Payment Transactions and the Financing of Business between the Federal Republic of Germany and the People's Republic of China from 1949 to 1978

Fei He

The Chinese Revolution of 1949 almost severed business connections between mainland China and the Federal Republic of Germany. For the next several decades, the Cold War kept the world divided and made the chance for economic relations between the newly founded People’s Republic of China and West Germany nearly impossible. However, these two nations were very interested in trading with each other: the People’s Republic of China needed German industrial products to fulfil their domestic economic plans, especially after the Sino-Soviet split in 1960 ended Soviet industrial support. In addition, German companies and the German government wanted to expand their international markets and the large population of the People’s Republic of China had great potential as future consumers. The problem lay in a trade embargo put in place by the United States soon after the Chinese Revolution that disallowed trading by Americans and their allied countries with communist nations.
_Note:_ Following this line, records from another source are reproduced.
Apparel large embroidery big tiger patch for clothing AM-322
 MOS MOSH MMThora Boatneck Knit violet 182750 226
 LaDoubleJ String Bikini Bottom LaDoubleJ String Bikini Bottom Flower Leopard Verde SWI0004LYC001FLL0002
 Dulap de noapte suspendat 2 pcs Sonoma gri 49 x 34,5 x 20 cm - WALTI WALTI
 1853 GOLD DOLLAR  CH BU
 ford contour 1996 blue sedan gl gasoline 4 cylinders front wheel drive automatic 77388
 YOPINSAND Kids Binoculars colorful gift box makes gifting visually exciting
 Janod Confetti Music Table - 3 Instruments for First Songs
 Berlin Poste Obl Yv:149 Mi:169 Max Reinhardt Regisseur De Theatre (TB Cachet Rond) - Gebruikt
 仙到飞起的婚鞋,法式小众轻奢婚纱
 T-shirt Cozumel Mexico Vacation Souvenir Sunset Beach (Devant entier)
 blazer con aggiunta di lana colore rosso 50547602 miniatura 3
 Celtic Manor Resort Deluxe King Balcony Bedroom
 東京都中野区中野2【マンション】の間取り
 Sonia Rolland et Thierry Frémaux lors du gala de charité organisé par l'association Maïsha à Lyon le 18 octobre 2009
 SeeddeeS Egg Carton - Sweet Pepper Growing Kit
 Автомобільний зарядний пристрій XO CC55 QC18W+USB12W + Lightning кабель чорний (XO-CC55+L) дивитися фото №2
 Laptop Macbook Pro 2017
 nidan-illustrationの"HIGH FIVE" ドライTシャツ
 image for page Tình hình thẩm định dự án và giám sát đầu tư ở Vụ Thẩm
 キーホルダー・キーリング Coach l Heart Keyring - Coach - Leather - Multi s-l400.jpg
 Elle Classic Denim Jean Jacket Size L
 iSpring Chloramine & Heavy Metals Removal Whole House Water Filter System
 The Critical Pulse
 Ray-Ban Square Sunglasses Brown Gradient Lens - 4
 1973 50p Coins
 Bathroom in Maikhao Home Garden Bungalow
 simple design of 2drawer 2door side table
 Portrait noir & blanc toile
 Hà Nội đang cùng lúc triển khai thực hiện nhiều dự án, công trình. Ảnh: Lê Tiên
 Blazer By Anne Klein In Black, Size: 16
After the Sino-Soviet split, West Germany had to consider the interests of the United States as well as the Soviet Union, due to Soviet control of
the German Democratic Republic. Under international pressure from the two super powers, how could West Germany and the People’s Republic of China become trading partners? In spite of the complicated political situation, these two countries were able to begin and maintain an important trading relationship. By the end of the 1960s, West Germany even became the third biggest trading partner of the People’s Republic of China. This paper will explain how this
occurred despite the international political barriers by examining their terms of payment and currency exchange, an essential piece of trading relationships but one that was very difficult and limited during the Cold War.